RECIPE: EASTER MESS
Who isn’t inspired by Easter? When yellow daffodil stars pop out from between green grass; grey dark clouds make way for blue skies; shop windows brimming with chocolate eggs and cute ornamental bunnies.
Here follows a colourful, sweet taster of the long anticipated summer that awaits us around the corner.
This recipe was inspired by Easter and an traditional English dessert. Eton Mess originated at Eton College in the 1930’s. Originally it consisted of bananas (or strawberries), ice cream and/or cream, and meringue was added to the recipe much later in the 1970’s.
The beauty of this Easter Eton Mess recppe is that you could use seasonal fruit, make a naughty, sweet version or opt for a healthy combination. It’s dead easy and you could whip it up in a few minutes with ingredients you have available.
Easter Mess consists of three layers that are mixed together before serving the dish or while eating it. Use transparent glasses to display the pretty layers. For the diligent, the meringue, ice cream & berry sauce could be home made. We opted for purchased items:
For the creamy base…
Good quality vanilla ice cream, scooped into balls
Double cream, whipped with a tiny amount of vanilla bean paste
Vanilla flavoured frozen yoghurt, scooped into balls
For the crunchy sweet bits:
Meringue, broken into pieces
Mini chocolate Easter eggs or Lindt chocolate balls or chocolate flake or honeycomb pieces
For the fruity kisses:
Any fruit or berry sauce or coulis or good quality honey or even chocolate sauce
Fresh fruit cut into pieces ( banana, strawberries, raspberries, blueberries)

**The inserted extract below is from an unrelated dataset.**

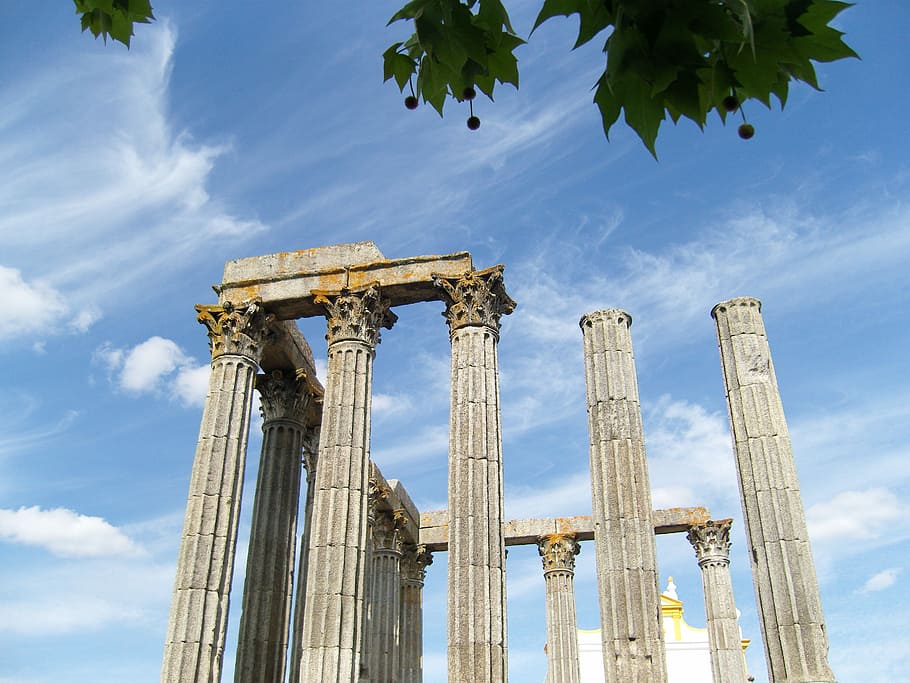 Unesco World Heritage Site, evora fortress, roman temple complex diana
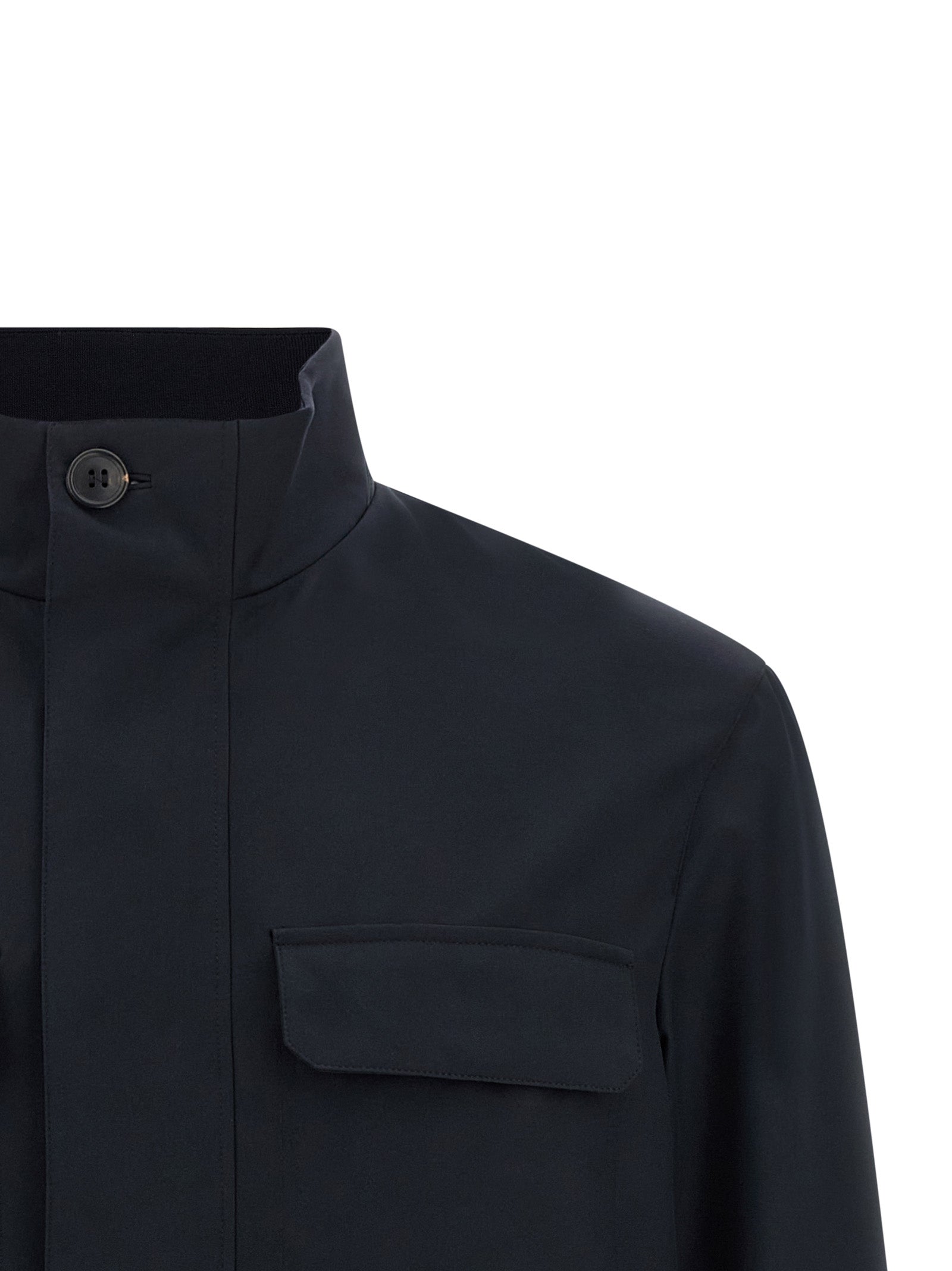ZEGNA Blue Polyester Men's Jacket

If possible place the glasses in a freezer to cool down for 15 – 30 minutes. Each filled glass would contribute to one portion of dessert.
Start layering with whatever combinations you have available or fancy. Remember the three layers and choose and ingredient or ingredients from each layer. I used Easter chocolate eggs, Lindt chocolate balls, scoops of vanilla ice cream and elderflower and berry coulis to layer the glasses.
To add a bit of crunch, meringue did the trick. I wouldn’t leave meringue out of the recipe as it really adds a lovely texture to the dessert.
To garnish these beauties, drizzle with your berry coulis or top with fresh fruit and add sprinkles or a sieve some icing sugar over.
For a healthy option:
Combine frozen yoghurt or Greek yoghurt, fresh fruit, meringue and mashed raspberries.
Both recipes are vegetarian and could be gluten free; double check you buy gluten free ice cream, meringue and chocolate.